Title II: Corporate Tax Rate Reduction - Amends the Internal Revenue Code to reduce corporate income tax rates.
Title III: Small Business Direct Expensing of Capital Items of Up to $25,000 Per Year - Allows a taxpayer to elect to treat expenditures paid or incurred by him during the taxable year (not to exceed an aggregate of $25,000, or $12,500 in the case of a married person filing a separate return) for depreciable tangible property as expenses not chargeable to capital account (thus deductible as current business expenses). Qualifies property with respect to which an election is made for the investment tax credit. Disqualifies property acquired from a related person or another component member of the same controlled group of companies.
Title IV: Increase in Amount of Used Property Eligible for Investment Tax Credit - Increases from $100,000 to $300,000 the allowable cost of used property eligible for the investment tax credit.
Title V: Allowable Subchapter S Corporation Shareholders Increased to 25 - Increases from 15 to 25 the permissible number of shareholders in a subchapter S corporation.
Title VI: Incentives for Investing in Small Business - Allows a deduction for cash amounts transferred to a small business solely in exchange for equity interest in the small business.
Increases the capital gains deduction. Reduces the alternative tax on capital gains on equity interests held for five years or more.

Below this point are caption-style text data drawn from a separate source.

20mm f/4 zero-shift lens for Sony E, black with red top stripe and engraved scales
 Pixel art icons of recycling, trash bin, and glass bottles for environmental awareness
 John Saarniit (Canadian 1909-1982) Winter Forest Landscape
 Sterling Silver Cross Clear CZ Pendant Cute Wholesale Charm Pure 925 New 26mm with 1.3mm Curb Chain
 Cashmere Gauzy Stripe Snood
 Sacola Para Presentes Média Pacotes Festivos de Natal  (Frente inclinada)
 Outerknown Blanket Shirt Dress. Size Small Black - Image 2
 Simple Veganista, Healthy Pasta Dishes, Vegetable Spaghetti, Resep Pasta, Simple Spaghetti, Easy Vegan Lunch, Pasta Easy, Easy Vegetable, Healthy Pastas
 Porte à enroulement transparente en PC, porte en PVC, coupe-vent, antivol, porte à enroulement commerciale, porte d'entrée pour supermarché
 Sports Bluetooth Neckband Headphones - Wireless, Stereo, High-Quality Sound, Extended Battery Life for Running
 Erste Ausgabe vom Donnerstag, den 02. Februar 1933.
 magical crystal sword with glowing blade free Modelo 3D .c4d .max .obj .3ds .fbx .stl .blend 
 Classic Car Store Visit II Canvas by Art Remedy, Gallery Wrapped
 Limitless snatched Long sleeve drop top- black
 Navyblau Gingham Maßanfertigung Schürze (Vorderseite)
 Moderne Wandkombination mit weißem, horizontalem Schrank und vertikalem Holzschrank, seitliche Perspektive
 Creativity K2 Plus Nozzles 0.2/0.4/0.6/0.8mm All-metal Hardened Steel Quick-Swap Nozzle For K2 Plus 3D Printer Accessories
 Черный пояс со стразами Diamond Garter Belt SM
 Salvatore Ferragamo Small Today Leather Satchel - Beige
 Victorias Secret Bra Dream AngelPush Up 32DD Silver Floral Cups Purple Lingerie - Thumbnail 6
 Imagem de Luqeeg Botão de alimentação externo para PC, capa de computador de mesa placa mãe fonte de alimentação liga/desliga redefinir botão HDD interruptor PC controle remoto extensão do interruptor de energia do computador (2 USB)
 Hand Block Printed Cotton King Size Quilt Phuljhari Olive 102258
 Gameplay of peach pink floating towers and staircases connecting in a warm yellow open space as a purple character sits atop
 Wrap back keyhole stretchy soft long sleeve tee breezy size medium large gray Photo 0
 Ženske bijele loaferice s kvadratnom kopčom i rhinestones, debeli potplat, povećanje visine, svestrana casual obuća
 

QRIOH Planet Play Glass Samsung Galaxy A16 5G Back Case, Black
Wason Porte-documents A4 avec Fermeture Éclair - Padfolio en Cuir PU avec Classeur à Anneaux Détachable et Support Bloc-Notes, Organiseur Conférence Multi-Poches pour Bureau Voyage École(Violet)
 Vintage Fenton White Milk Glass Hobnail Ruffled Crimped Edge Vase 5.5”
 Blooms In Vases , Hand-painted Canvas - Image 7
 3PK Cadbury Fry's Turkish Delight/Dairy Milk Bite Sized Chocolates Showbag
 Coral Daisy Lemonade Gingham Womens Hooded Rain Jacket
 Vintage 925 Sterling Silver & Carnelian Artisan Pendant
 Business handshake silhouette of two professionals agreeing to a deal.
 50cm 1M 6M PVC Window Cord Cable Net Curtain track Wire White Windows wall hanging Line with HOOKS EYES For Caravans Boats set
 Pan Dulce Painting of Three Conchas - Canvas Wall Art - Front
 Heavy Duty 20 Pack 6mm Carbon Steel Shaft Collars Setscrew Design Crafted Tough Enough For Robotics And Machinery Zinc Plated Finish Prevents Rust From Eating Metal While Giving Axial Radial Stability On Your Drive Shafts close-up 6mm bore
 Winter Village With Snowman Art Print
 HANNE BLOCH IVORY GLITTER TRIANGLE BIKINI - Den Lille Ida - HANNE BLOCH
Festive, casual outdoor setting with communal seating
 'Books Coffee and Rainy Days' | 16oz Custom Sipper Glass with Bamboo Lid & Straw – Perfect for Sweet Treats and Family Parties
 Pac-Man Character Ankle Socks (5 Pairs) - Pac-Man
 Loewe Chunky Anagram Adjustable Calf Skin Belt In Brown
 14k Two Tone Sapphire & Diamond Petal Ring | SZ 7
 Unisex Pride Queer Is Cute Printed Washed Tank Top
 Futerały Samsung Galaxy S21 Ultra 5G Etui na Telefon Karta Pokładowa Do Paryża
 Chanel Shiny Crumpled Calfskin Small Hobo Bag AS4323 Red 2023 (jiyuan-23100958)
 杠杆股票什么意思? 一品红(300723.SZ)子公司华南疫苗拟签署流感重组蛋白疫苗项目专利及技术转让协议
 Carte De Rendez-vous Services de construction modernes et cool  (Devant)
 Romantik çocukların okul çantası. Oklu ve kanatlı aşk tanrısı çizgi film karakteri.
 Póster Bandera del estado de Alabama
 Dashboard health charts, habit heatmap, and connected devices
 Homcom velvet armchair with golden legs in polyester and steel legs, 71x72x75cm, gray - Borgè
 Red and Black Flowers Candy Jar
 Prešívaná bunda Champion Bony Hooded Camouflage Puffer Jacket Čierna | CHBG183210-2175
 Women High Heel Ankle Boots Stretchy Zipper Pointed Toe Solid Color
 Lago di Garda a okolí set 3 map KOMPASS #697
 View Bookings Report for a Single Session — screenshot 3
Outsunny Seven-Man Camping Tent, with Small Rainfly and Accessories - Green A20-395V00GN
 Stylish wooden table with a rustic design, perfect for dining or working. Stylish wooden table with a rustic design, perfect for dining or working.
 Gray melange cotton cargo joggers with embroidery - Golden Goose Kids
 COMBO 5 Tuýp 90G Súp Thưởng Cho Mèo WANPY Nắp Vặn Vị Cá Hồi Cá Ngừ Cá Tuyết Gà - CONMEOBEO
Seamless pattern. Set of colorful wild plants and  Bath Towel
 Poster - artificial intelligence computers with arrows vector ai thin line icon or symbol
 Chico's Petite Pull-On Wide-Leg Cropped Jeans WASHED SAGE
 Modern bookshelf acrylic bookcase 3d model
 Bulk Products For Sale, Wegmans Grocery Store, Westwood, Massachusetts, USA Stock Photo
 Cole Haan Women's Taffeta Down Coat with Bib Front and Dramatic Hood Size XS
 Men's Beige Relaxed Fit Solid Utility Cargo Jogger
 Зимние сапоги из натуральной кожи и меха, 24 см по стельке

Title VII: Exclusion from Estate Tax for Small Business Property and Equity Investments - Permits the exclusion of small business property which comprises 60 percent or more of the adjusted value of the gross estate from the gross estate of a decedent who at the time of death was a U.S. citizen. Limits the amount of such exclusion to $2,000,000. Imposes an additional estate tax in the event any interest in such property is disposed of or the property ceases to qualify for such treatment.
Title VIII: Interest and Dividend Exclusion Increased to $2,000 - Increases from $200 to $2,000 (or from $400 to $4,000 in the case of married individuals filing jointly) the exclusion of interest and dividends from gross income. Makes such exclusion permanent.
Title IX: Inventory Simplification and Reform - Eliminates the qualification requirement for the last-in, first-out (LIFO) method of accounting that a taxpayer use no inventory method for financial reporting or credit purposes other than the LIFO method.
Allows a taxpayer who adopts the LIFO method to spread increases in taxable income attributable to such change over a ten-year period.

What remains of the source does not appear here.